TASK STATEMENT:
Starting at the line with "Hyundai Accent 2012 — photo 8" and going on through the line with "Caravana con 3.000", reproduce each line in the records below exactly and nothing more.

--------------------

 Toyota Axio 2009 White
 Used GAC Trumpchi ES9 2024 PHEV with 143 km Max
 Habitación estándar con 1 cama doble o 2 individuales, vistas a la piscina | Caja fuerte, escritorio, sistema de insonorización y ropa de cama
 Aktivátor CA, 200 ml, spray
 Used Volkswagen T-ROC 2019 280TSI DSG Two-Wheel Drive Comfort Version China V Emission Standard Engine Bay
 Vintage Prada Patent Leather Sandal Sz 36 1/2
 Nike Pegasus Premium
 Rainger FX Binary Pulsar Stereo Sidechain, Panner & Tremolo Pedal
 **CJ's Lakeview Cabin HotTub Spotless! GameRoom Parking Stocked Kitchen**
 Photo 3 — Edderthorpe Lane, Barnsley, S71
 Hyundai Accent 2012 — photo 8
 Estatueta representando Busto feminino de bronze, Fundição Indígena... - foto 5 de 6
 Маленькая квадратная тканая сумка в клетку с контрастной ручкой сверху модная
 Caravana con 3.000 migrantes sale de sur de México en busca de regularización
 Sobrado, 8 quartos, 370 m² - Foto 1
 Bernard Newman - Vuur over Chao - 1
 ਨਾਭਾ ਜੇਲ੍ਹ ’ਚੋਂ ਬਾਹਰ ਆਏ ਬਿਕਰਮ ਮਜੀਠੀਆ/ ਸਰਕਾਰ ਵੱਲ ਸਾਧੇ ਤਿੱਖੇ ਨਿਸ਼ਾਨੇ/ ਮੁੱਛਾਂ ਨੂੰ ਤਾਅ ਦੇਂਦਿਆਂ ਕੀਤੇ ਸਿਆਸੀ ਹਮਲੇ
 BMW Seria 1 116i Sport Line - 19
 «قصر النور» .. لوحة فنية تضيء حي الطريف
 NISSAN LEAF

--------------------

RESPONSE BOX:
 Hyundai Accent 2012 — photo 8
 Estatueta representando Busto feminino de bronze, Fundição Indígena... - foto 5 de 6
 Маленькая квадратная тканая сумка в клетку с контрастной ручкой сверху модная
 Caravana con 3.000 migrantes sale de sur de México en busca de regularización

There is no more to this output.